淫魔の血を継ぐ少女、魔術師の頂点に立つために奴隷エルフを買う

笹塔五郎

第1話 役目は単純

 美しい長い金髪に白く美しい肌――そして、尖った耳。

 目の前にいるのは長命種としても有名なエルフだ。

 首輪を着けられ、手枷で自由を奪われた彼女は――鋭い視線を目の前の少女に向けている。

 薄い布だけを着ているような状態のエルフとは違い、黒を基調とした厚手のローブに身を包んだ少女は、一枚の紙に目を通していた。


「子供のエルフを誘拐した貴族やその従者を殺害――結果、手配されて捕らえられて奴隷に、ね」

「……私を魔術の実験にでも使うつもりですか?」

「何でそういう発想に――って、確かにこの部屋を見るとそうよね」


 少女は魔術師――として、ここは彼女の工房だ。

 薬草の類や薬品、魔物の素材といった物が並んでいる。

 慣れない人間がこの部屋に入ると、それだけで気分が悪くなる可能性はある。


「まずは改めて――自己紹介をしましょう。私はルミリ・レンヴェル、ご覧の通り魔術師よ」

「……」


 少女――ルミリに対して、エルフは相変わらず睨むような視線を向けたままだ。

 当然、彼女からすれば奴隷として買われ、これから何をされるか分からないという状況だ。

 警戒しない方がおかしいだろう。

 どちらかと言えば、怯える者の方が多いだろう――特に魔術師。

 魔術師が奴隷を買うとなれば、魔術の実験に利用すると考える者も少なくはない。

 実際、そういうことをやっている者もいると聞く。

 ルミリはそんなつもりで買ったわけではないのだが。


「名前くらいは教えてくれてもいいじゃない――って言っても、名前はここに書いてあるけど。シルエッタ、いい名前ね」


 エルフには姓がないようで、記載があるのは名前だけだ。

 年齢は正確には不明らしいが、エルフとしてはまだ若く――五十年も生きていないだろう、とのこと。

 噂によれば、千年近く生きるエルフもいると聞く。

 見た目的には確かに少女であり、ルミリと同じくらいに見えた。


「気安く呼ばないでもらえますか?」


 シルエッタはこの状況においても、強気の態度を崩さない。

 奴隷によってはもちろん、売り出す前に言葉遣いなどを矯正される場合もあるとのことだが――何分、エルフは希少種でもある。

 ルミリも本物を見るのは初めてで、簡単に手に入る代物ではない。

 当然、ルミリとしてもかなりの財産を失うことになったのだが――そこは別に気にしていない。

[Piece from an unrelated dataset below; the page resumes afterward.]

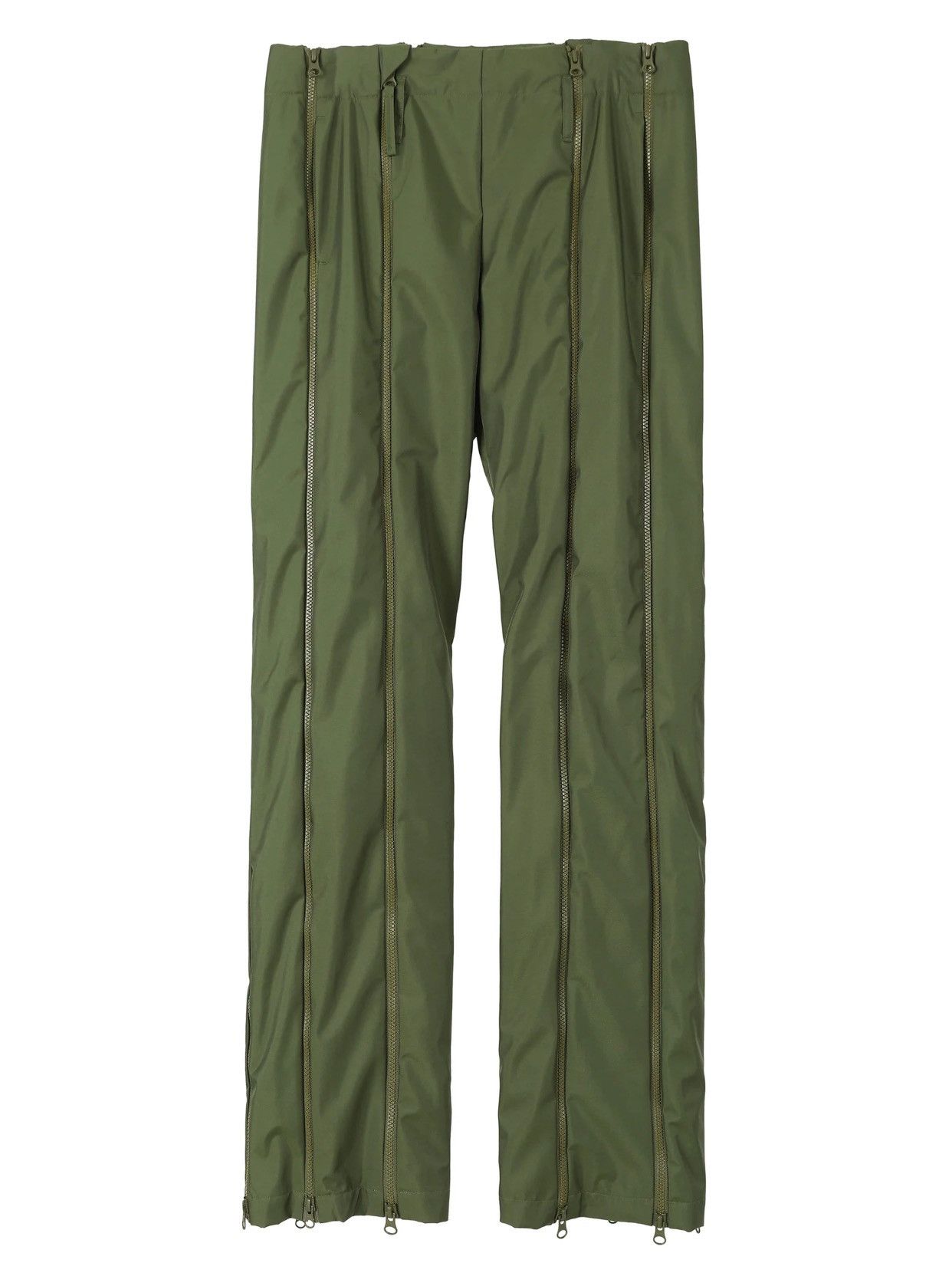 image of Post Archive Faction Paf 5.0 Technical Pants Center in Olive Green, Men's (Size 32)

「やっぱり、あなたを買った理由が気になるわよね。まあ、口で説明するよりも実践した方が早いか」


 ルミリはそう言うと、腰掛けていた椅子から立ち上がり――床に座り込んでいたシルエッタへと近づく。

 彼女はわずかに後退るが、気丈な態度は変わらない。

 そんな彼女の前で膝をついて、頬に触れる。

 奴隷の首輪は主に対して危害が加えられないようになっている――そうでなければ、今にも噛みつかれそうな感じだった。


「あなたを買ったのはね、こうするためよ」


 ルミリはそのまま――シルエッタの顎を少し持ち上げるようにして、口づけをかわした。


「……? ……!?」


 シルエッタは驚きに目を見開き、一瞬固まった。

 だが、すぐに抵抗するような素振りを見せる。

 ルミリを押しのけようとするが、その力は制限されていて弱々しいもので――


「ん、ぅ……!」


 シルエッタの、少し艶のある声が漏れた。

 ルミリは舌を絡ませるようにして、より口づけは濃厚なものになっていく。

 互いの唾液が交わり、無理やり口をこじ開けられて――呼吸も苦しいものになる。

 シルエッタにとっては長い時間だったのかもしれないが、実際には十数秒程度か。

 ルミリが唇を離すと、糸のように引いた唾液が垂れた。


「……はっ、な、何をするんですか……!?」


 頬を朱色に染めて、動揺した様子のシルエッタが声を上げた。


「何って、今やった通りよ」

「だ、だから、どうして、その、キ、キスをする必要が……」


 シルエッタの態度に対して、ルミリはむしろ――嬉しそうな表情を浮かべる。


「なるほど、やっぱり見立て通り――あなたなら問題なさそうね」

「……?」


 状況が理解できていないだろうシルエッタに対し、ルミリは言い放つ。


「あなたの役目は単純――私と口づけをすることよ。そのために、あなたを買ったんだもの」

「……全く、意味が分かりません……!」


 ――シルエッタはもはや、どういう感情でいればいいのか分からないといった様子だ。

 ただ、ぽつりと「は、初めてだったのに」という小さな声が聞こえたので、それは少し申し訳ない気持ちになった。